Turkish forces launched as many as 39 strikes, according to some reports, killing at least five Kurdish Peshmerga forces and 18 members of the Kurdish People’s Protection Units (YPG). The strikes also hit areas held by the Yazidi Protection Units (YBS). Turkey and various Kurdish forces, including the Peshmerga and YPG, are allied with the U.S. against ISIS.
The strikes were intended to prevent fighters, arms, ammunition and explosives belonging to the Kurdistan Worker’s Party (PKK) from entering into Turkey, according to a Turkish military statement. Turkey considers the PKK, which has ties to the YPG, a terrorist organization.

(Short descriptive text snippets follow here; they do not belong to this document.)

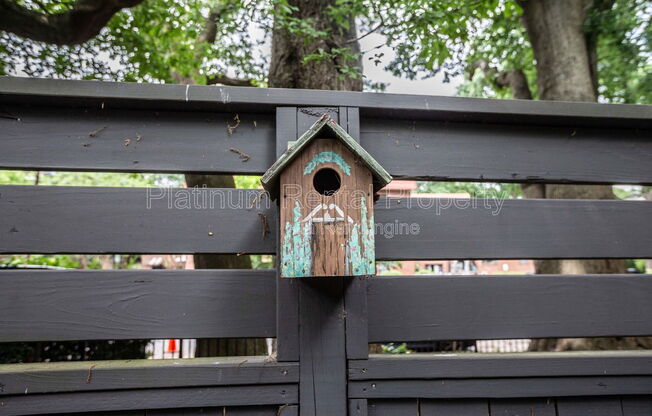 1 bed, 1 bath, 550 sqft, $1,000, Unit 6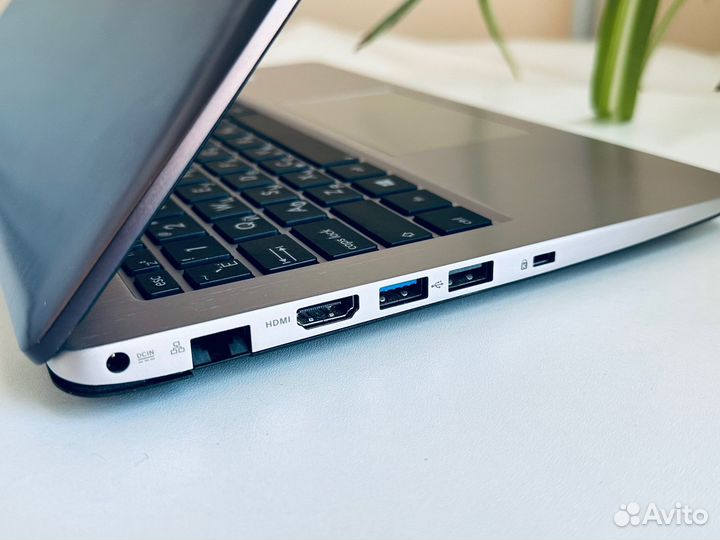 Ноутбук с сенсорным экраном Asus 11.6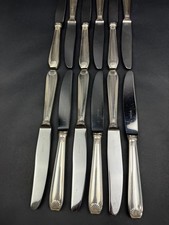 12 couteaux en métal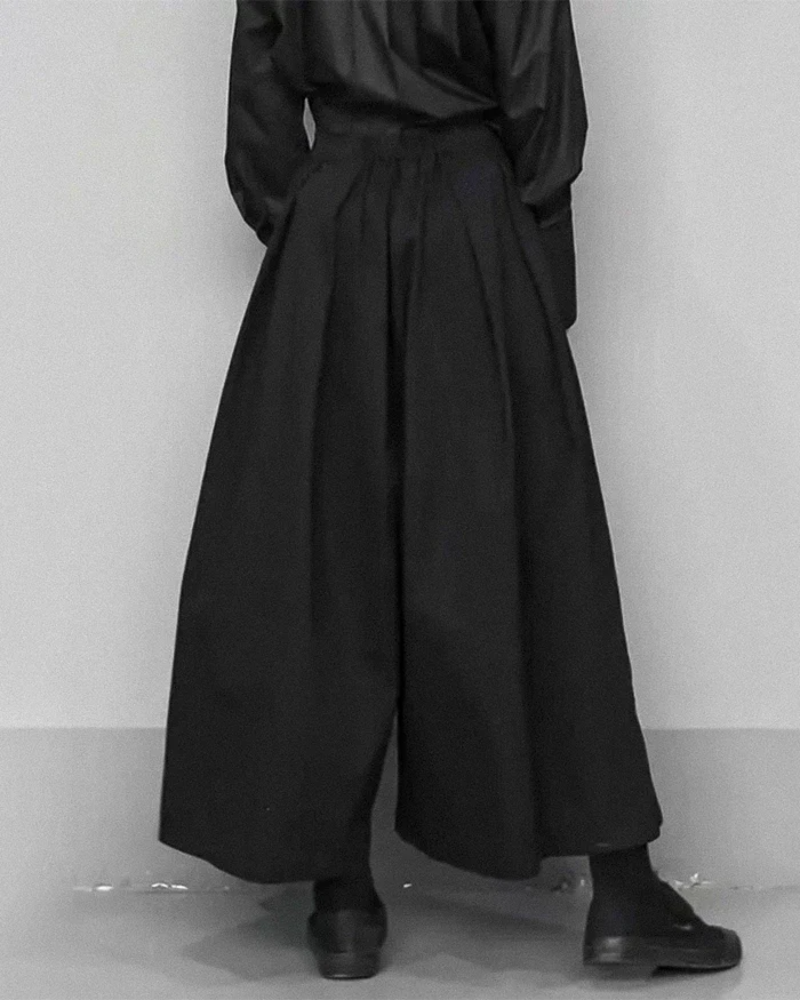 Traditional Japanese Loose Crop Hakama Pants – Techwear Official Traditional Japanese Loose Crop Hakama Pants – Techwear Official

Peshmerga authorities responded to the strikes by blaming the PKK’s presence among other factions, particularly the Sinjar, the ancestral home of many Yazidis in the region.
“The death of the Peshmerga is regrettable and the strike on the Peshmerga by Turkish warplanes is unacceptable,” said a Peshmerga statement. “These problems and tensions are all because of the PKK’s presence.”
The Kurdish Regional Government, which controls the Peshmerga, is a rival to the PKK and maintains a close relationship with Turkey.
Turkey’s strikes potentially complicate the ongoing U.S.-led fight against the Islamic State. The YPG and YBS are both fighting the terrorist group in northern Syria and Iraq. But Turkey is also involved in the fight, and Turkish bases are an important element to U.S. airpower in the region.
Pentagon officials told Kurdish NRT News that they are aware of the strikes, and are meeting with leaders from all sides.
“At the moment … we are aware of the reporting. We are monitoring the developments,” the Pentagon press office said. “The meetings in progress [are] to deescalate tensions in Sinjar, Iraq, and Derik Syria.”